Russian troops are being killed in what the Kremlin calls its “special military operation” at a monthly rate of at least 25 times the number killed in Chechnya and 35 times the number killed in Afghanistan, according to the Center for Strategic and International Studies.
The numbers highlight the stark reality of the Kremlin’s tactic of waging a war of attrition against Ukraine. Kyiv has both benefited from a wide-open weapons pipeline from the West and waged a campaign that has seen them successfully claw back much of the terrain it lost in the early stages of the war.
“The Ukrainian military has also performed remarkably well against a much larger and initially better-equipped Russian military, in part due to the innovation of its forces,” CSIS said in its report, “Ukrainian Innovation in a War of Attrition,” released earlier this week.
According to CSIS, Russia lost 14,000 to 16,000 troops in Afghanistan from 1979 to 1989 and between 12,000 and 25,000 soldiers in Chechnya. The think tank estimates that 60,000 to 70,000 Russian troops have been killed in Ukraine in just over a year.
Losses on both sides continued to mount in the trench warfare along an extended front in southern and eastern Ukraine.
The Associated Press reported that Ukraine‘s military might pull troops back from the key stronghold of Bakhmut. An adviser to Ukraine‘s president said Wednesday in remarks that suggested Russia could soon take the city that has become a resistance symbol.
Kremlin forces have waged a monthslong offensive to take Bakhmut, a relatively obscure city in eastern Ukraine.
“Our military is obviously going to weigh all of the options,” Alexander Rodnyansky, an economic adviser to Ukrainian President Volodymyr Zelenskyy, told CNN in an interview. “We’re not going to sacrifice all of our people just for nothing.”
Analysts say the fall of Bakhmut would be a blow for Ukraine and offer tactical advantages to Russia, but would not prove decisive. Mr. Zelenskyy this week said one of his generals told him that Russia lost about 800 soldiers in one assault on a single day.
“Russia does not count people at all, sending them to constantly storm our positions. The intensity of the fighting is only increasing,” Mr. Zelenskyy said.
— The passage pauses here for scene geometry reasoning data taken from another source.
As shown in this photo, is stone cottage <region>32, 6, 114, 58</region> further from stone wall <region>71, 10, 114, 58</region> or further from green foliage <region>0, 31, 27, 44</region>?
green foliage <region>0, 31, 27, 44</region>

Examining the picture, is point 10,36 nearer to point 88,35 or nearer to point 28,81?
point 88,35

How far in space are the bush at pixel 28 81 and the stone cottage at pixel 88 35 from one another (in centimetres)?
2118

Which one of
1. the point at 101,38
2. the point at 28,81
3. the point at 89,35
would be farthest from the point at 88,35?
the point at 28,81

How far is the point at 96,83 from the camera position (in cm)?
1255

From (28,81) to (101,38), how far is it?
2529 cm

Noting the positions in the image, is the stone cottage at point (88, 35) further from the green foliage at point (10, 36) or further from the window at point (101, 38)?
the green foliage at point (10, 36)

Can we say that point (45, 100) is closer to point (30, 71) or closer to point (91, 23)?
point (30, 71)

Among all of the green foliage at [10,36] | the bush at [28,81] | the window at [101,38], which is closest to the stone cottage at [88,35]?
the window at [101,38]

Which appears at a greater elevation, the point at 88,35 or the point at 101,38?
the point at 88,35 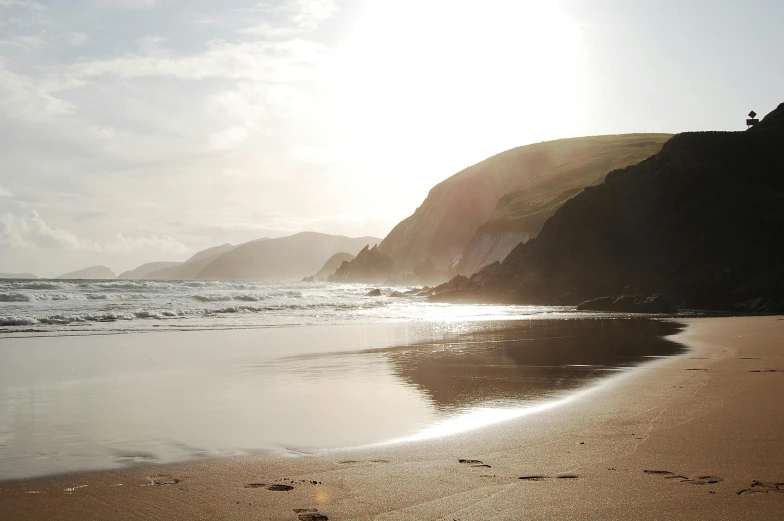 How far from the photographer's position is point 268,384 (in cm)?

The CSIS report tracked the damage done to Russian forces in the year since President Vladimir Putin ordered the invasion. Prior to the invasion in February 2022, Russia had a military that was 5 times the size of Ukraine, its defense budget was 11 times larger, and its economy was 8 times the size of Ukraine’s.
Yet, with its smaller and less equipped military, Ukraine was able to beat back Mr. Putin’s armored blitzkrieg before launching a series of counterattacks that pushed back Russian troops.
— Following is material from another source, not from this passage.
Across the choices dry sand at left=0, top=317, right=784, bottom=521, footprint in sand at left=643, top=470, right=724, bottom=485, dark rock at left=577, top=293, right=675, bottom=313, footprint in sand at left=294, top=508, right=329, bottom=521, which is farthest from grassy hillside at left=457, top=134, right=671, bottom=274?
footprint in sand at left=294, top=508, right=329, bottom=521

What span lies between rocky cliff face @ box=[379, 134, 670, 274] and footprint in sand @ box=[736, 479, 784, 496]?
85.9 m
The CSIS analysts gave much of the credit for Ukraine’s successes on the battlefield to its culture of military innovations, such as the use of unmanned aircraft systems — drones — in combined operations.
“Many of Ukraine’s innovations have come from the bottom up, thanks to a military environment that encourages and enables junior officers to seek innovation,” according to the report.
The Russians have usually sent three waves of troops against entrenched Ukrainian defenders. The first wave is usually green conscripts and fighters from private military organizations like the Wagner Group whose casualty rates are often high. Next comes a second line of replacements and only then, a third line of what the CSIS analysts characterized as “relatively competent Russian forces.”
“Russia is accepting enormous casualties in return for only a small amount of territory,” according to the report. “Despite intense fighting throughout the winter, Russia has only captured approximately 400 square miles of Ukrainian territory across the entire eastern front since September 2022.
Separately, Mykhailo Podolyak, a Zelenskyy adviser, denied on Wednesday that Ukraine had used drones to attack Russian territory following official Russian statements that Ukraine had targeted Russian infrastructure, the AP reported. Insisting it is fighting a defensive war, Kyiv has long been coy about its possible attacks inside Russian territory.
“Ukraine does not strike on the territory of the Russian Federation,” Mr. Podolyak tweeted, suggesting the targeting of Russian infrastructure was the result of “internal attacks.”
• This article was based in part on wire service reports.